Start of Block

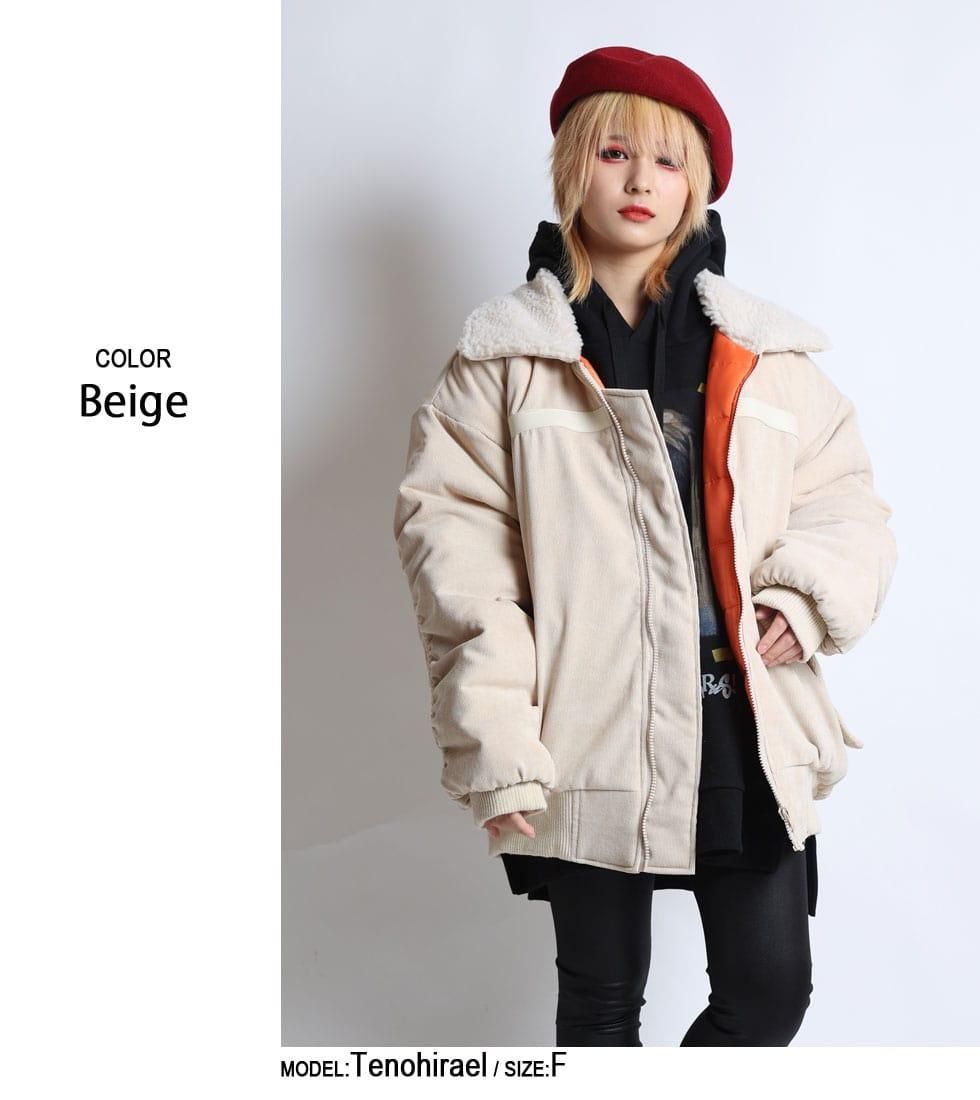 AinSophAur】コーデュロイ襟ボアブルゾン（男女兼用）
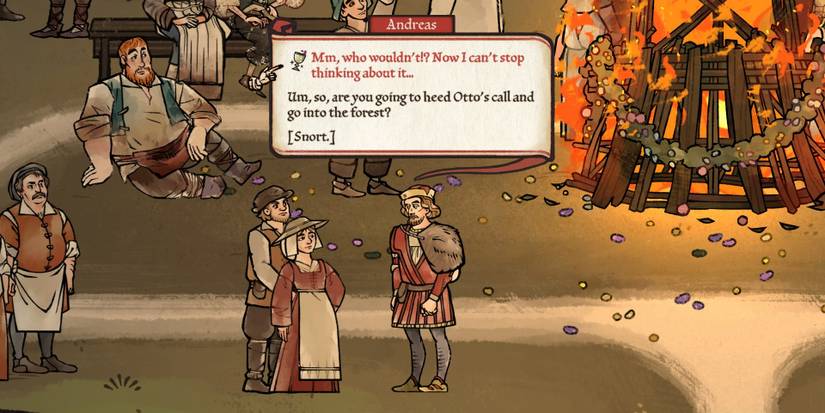 A dialogue scene from Pentiment 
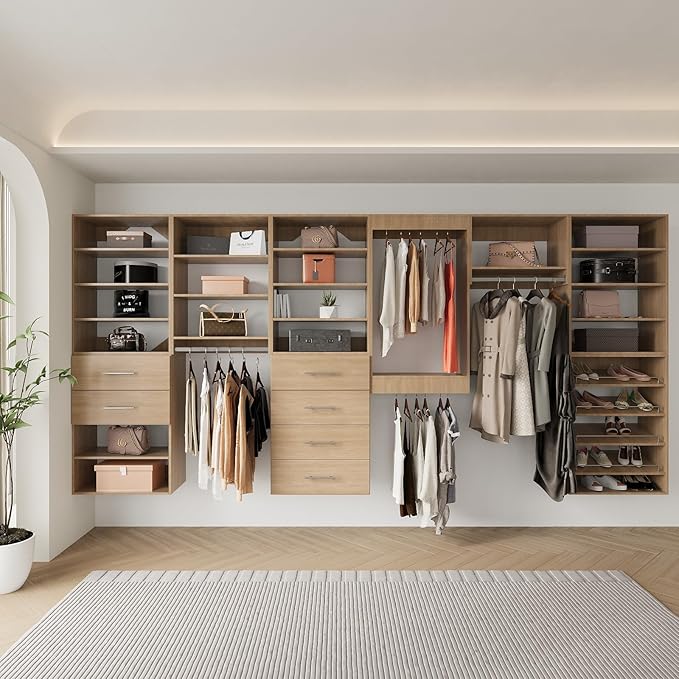 Double Hanging Closet Unit, Modular Closet System, Wood Closet System Organizer with Storage for Walk In Closets, Clothing Rack Wardrobe Closet for Hanging Clothes, Bedroom, Wood, 19.5"W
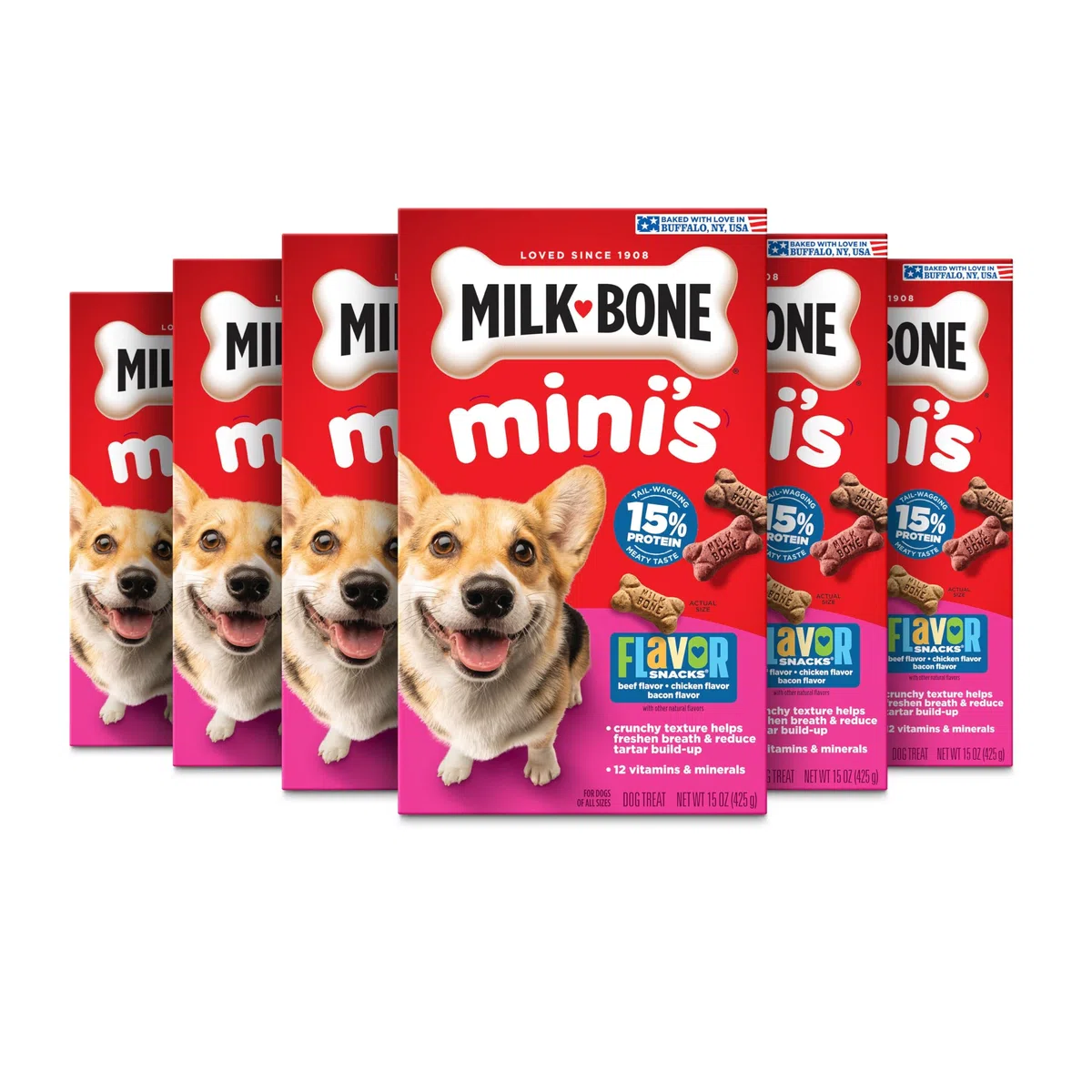 Milk-Bone Mini's Flavor Snacks Dog Treats, 15 Ounce (Pack of 6)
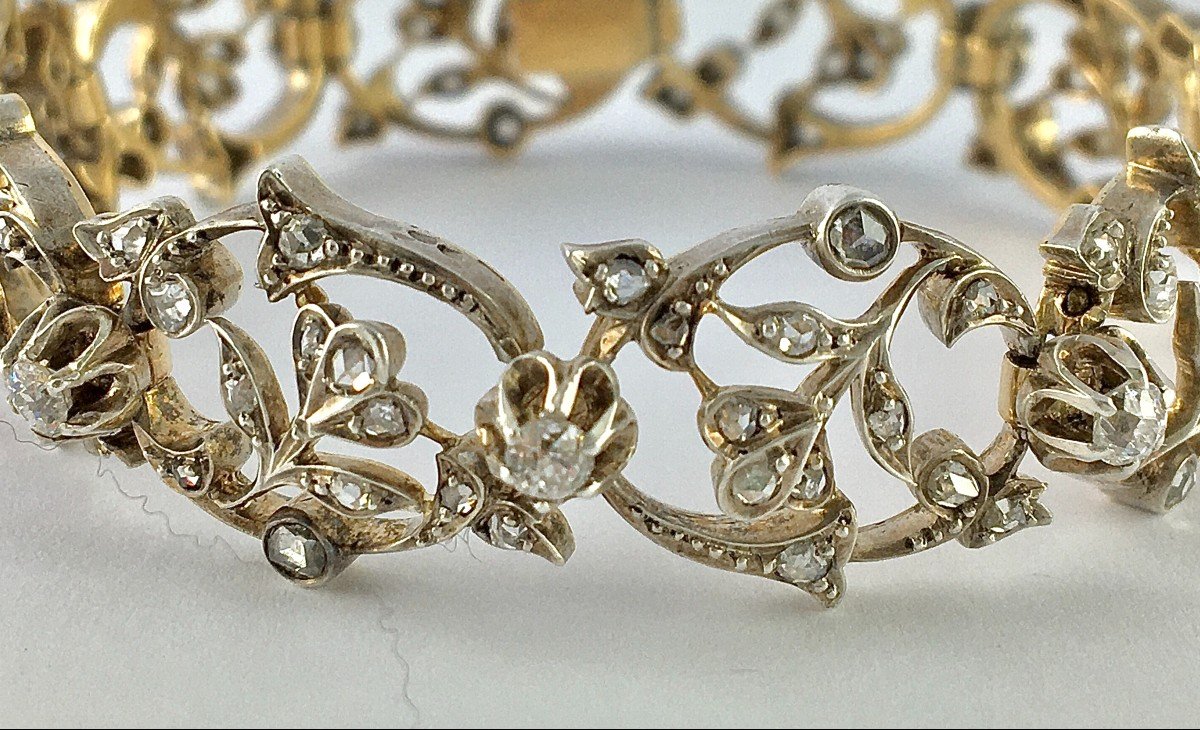 Early 20th Century Floral Soft Bracelet Rose/old Cut Diamonds On Silver & Yellow Gold-photo-2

End of Block

:: What the exercise asks ::
Omit the pictures and reproduce the remaining material above exactly.

:: Exercise result ::
 AinSophAur】コーデュロイ襟ボアブルゾン（男女兼用）
 A dialogue scene from Pentiment 
 Double Hanging Closet Unit, Modular Closet System, Wood Closet System Organizer with Storage for Walk In Closets, Clothing Rack Wardrobe Closet for Hanging Clothes, Bedroom, Wood, 19.5"W
 Milk-Bone Mini's Flavor Snacks Dog Treats, 15 Ounce (Pack of 6)
 Early 20th Century Floral Soft Bracelet Rose/old Cut Diamonds On Silver & Yellow Gold-photo-2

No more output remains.